Policy ([R]estart/[G]o) 17 16 15 14 13 12 0 Restart Restart Restart Go Restart Go 1 Go Go Go Go Go Go 2 Go Go Restart Restart Restart Go 3 Go Restart Restart Restart Go Go 4 Restart Restart Restart Restart Restart Go Q Visit Counts 17 16 15 14 13 12 0 0 0 0 1 0 124528 1 459 1145 2104 2979 3297 7110 2 1553 2285 2263 1713 874 554 3 1721 1551 949 590 241 85 4 2099 1074 656 406 139 37 Restart Q Values 17 16 15 14 13 12 0 0.00 0.00 0.00 -0.50 0.00 -15.55 1 -10.34 -13.63 -14.74 -15.35 -15.38 -15.35 2 -14.21 -14.99 -15.14 -15.11 -15.04 -13.88 3 -14.97 -15.05 -15.11 -14.79 -13.19 -8.20 4 -15.08 -15.04 -15.02 -14.67 -11.62 -5.44 Go Q Values 17 16 15 14 13 12 0 0.00 0.00 0.00 0.00 0.00 -15.36 1 -6.75 -10.74 -10.93 -14.28 -15.15 -15.35 2 -9.99 -13.89 -15.43 -15.40 -15.10 -12.70 3 -13.27 -15.47 -15.19 -14.81 -13.11 -7.81 4 -15.43 -15.16 -15.07 -14.70 -11.68 -5.35 Policy comparison (SARSA vs. Hill Descent w/ Random Restarts): Method Puzzles Iters SARSA Fraction SARSA 100 424750 HDwRR-1 100 2841750 0.149468 HDwRR-2 100 640000 0.663672 HDwRR-3 100 444750 0.955031 HDwRR-4 100 483000 0.879400 HDwRR-5 100 386250 1.099676

Questions:

- Your results may vary significantly from the transcript above. What can one do to become more assured that one has successfully learned the optimal policy? What can one do to become more assured of the policy comparison?

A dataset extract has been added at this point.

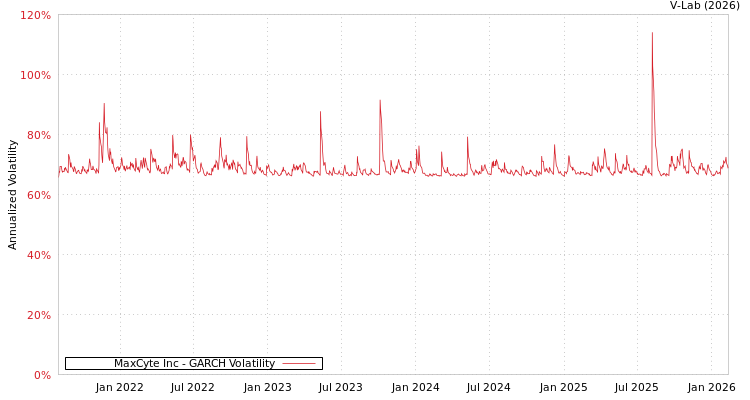 graph of MaxCyte Inc GARCH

- Choose two of the given parameters for this exercise and vary them. Demonstrate whether such variation improves the result, and discuss possible trade-offs.
- We can see from this exercise that hill descent with random restarts after three hill climbing stages (i.e. 3 * 250 = 750 iterations) yields fairly good results. How does this relate to the KISS principle?